>>>>>

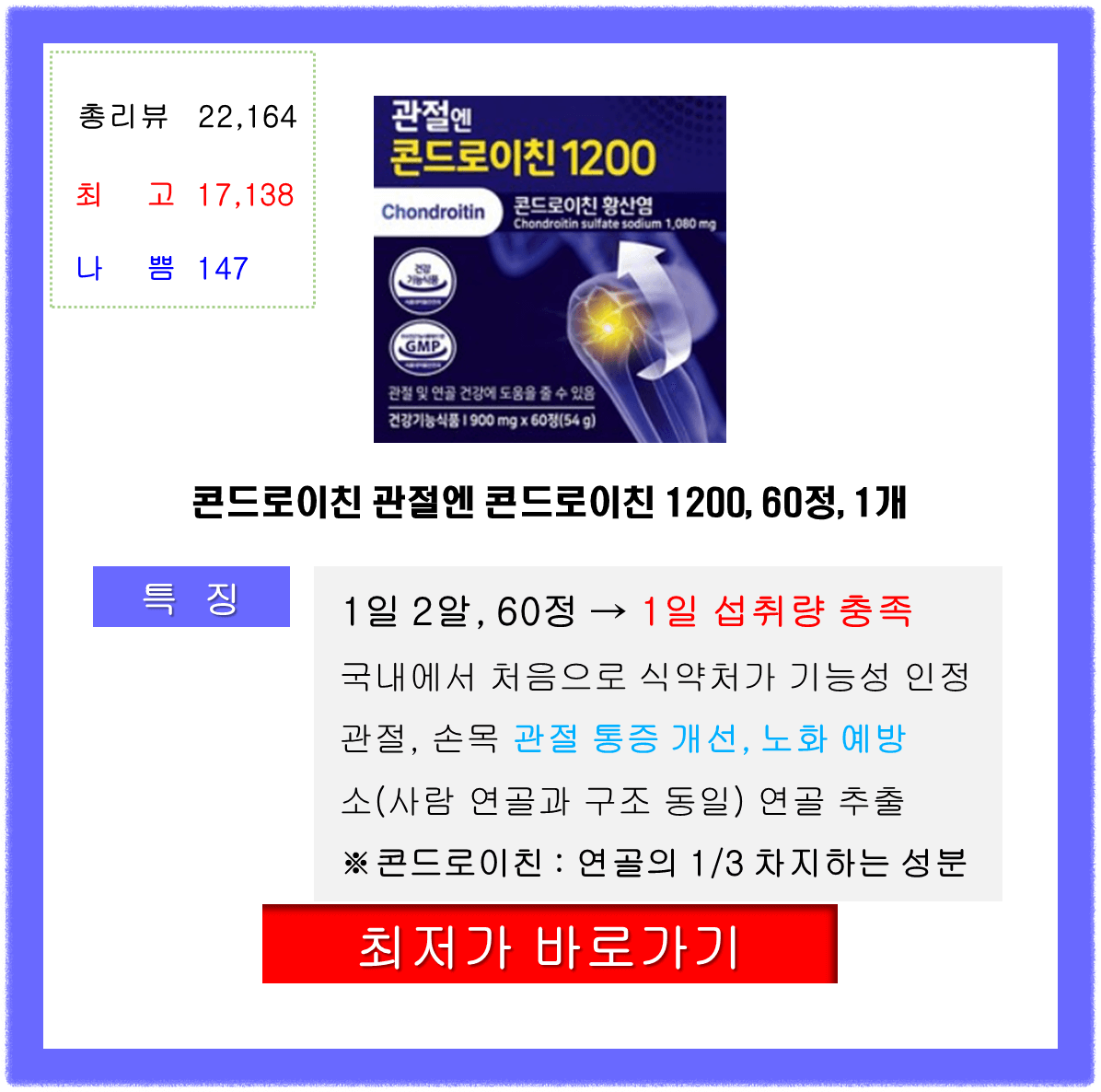 60대 아빠생일선물 추천 콘드로이친 영양제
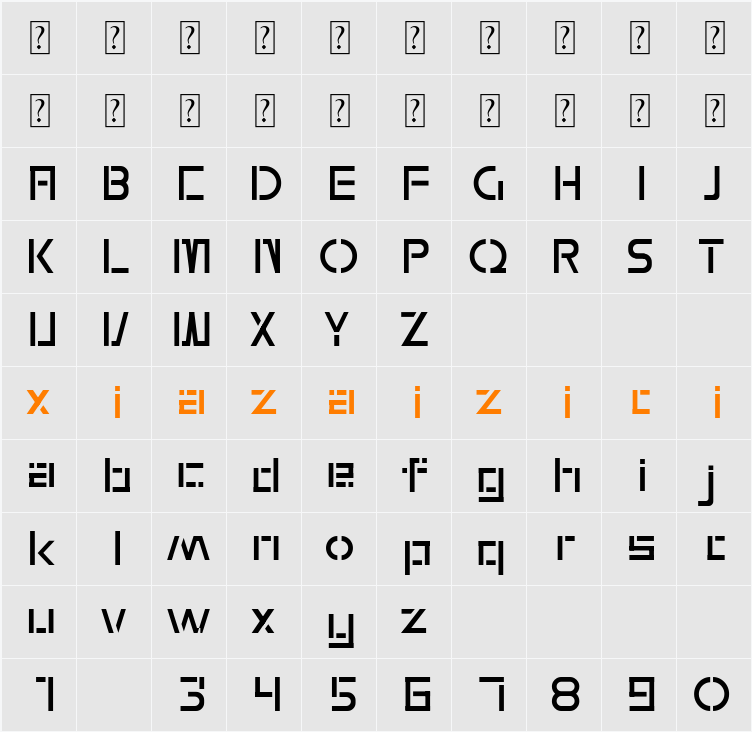 wmxyo 字符映射表
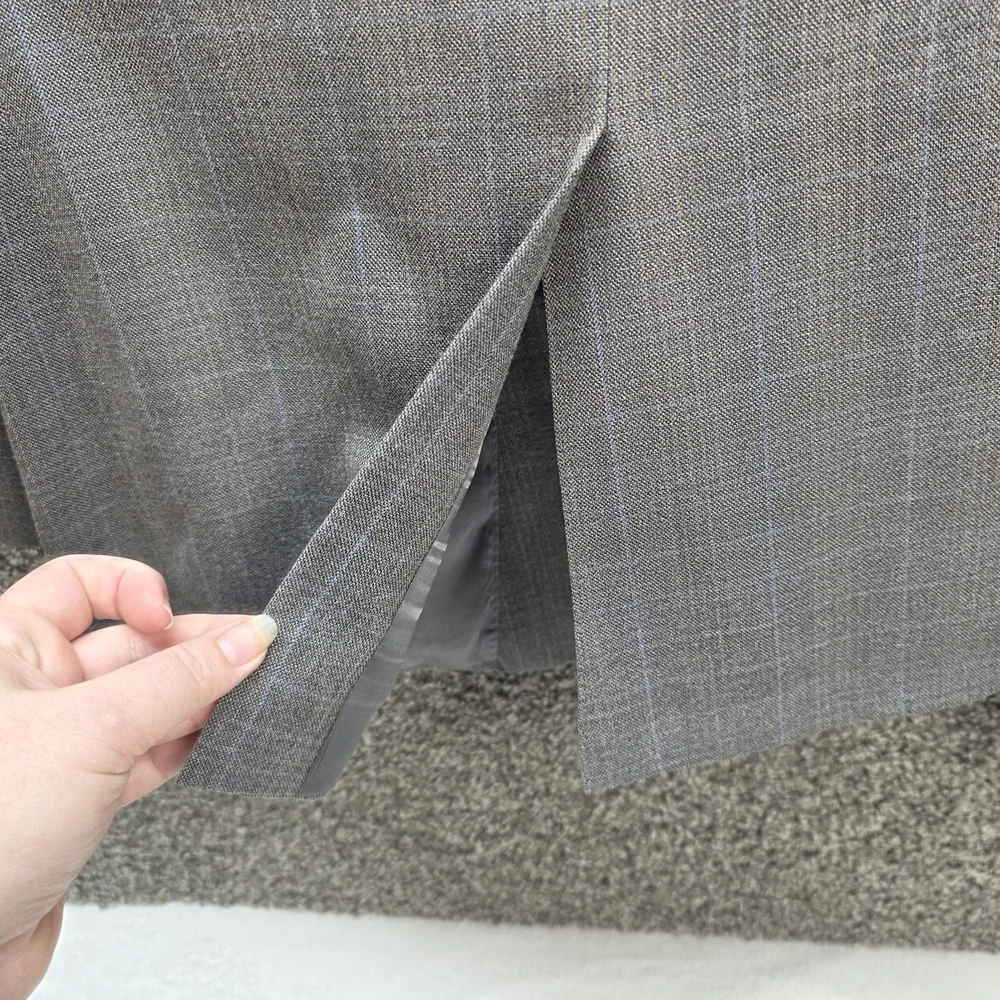 Jos A Bank‎ Blazer Mens 43R Gray Plaid Windowpane Silk Wool Blend Classic Preppy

<<<<<

EXERCISE:
Return the listing above verbatim and exclude every picture.

FINISHED TASK:
 60대 아빠생일선물 추천 콘드로이친 영양제
 wmxyo 字符映射表
 Jos A Bank‎ Blazer Mens 43R Gray Plaid Windowpane Silk Wool Blend Classic Preppy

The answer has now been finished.